Work required:
Your reply should reproduce all the data below exactly while excluding the pictures.

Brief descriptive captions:
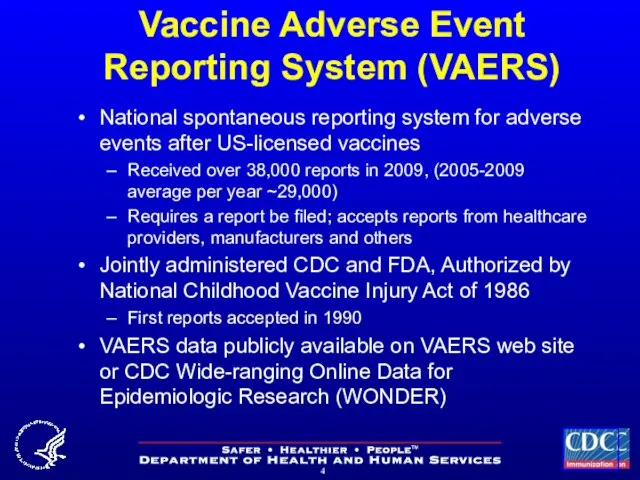 Vaccine Adverse Event Reporting System (VAERS) National spontaneous reporting system for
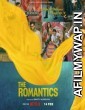 The Romantics (2023) Hindi Season 1 Complete Show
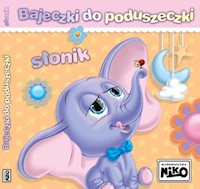 Bajeczki do poduszeczki Słonik - Elżbieta Śnieżkowska-Bielak - książka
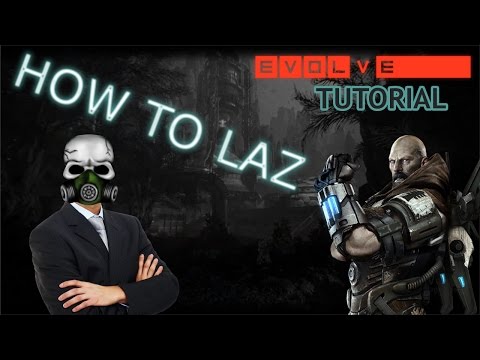 How To Lazarus - KNOW YOUR ROLE Evolve Stage 2 Tutorial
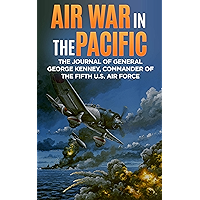 Air War in the Pacific (Annotated): The Journal of General George Kenney, Commander of the Fifth U.S. Air Force book cover Air War in the Pacific (Annotated): The Journal of General George Kenney, Commander of the Fifth U.S. Air Force book cover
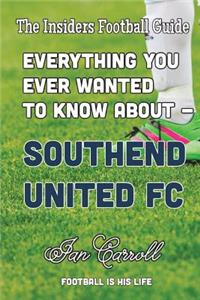 Everything You Ever Wanted to Know About Southend United FC
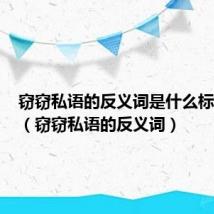 窃窃私语的反义词是什么标准答案（窃窃私语的反义词）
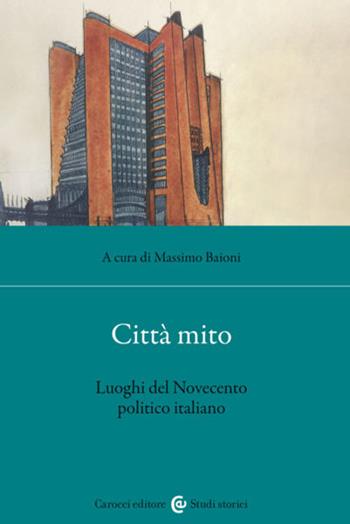 Città mito. Luoghi del Novecento politico italiano  - Libro Carocci 2023, Studi storici Carocci | Libraccio.it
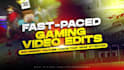create fast paced, engaging gaming video edits for youtube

Your solution:
 Vaccine Adverse Event Reporting System (VAERS) National spontaneous reporting system for
 The Romantics (2023) Hindi Season 1 Complete Show
 Bajeczki do poduszeczki Słonik - Elżbieta Śnieżkowska-Bielak - książka
 How To Lazarus - KNOW YOUR ROLE Evolve Stage 2 Tutorial
 Air War in the Pacific (Annotated): The Journal of General George Kenney, Commander of the Fifth U.S. Air Force book cover Air War in the Pacific (Annotated): The Journal of General George Kenney, Commander of the Fifth U.S. Air Force book cover
 Everything You Ever Wanted to Know About Southend United FC
 窃窃私语的反义词是什么标准答案（窃窃私语的反义词）
 Città mito. Luoghi del Novecento politico italiano  - Libro Carocci 2023, Studi storici Carocci | Libraccio.it
create fast paced, engaging gaming video edits for youtube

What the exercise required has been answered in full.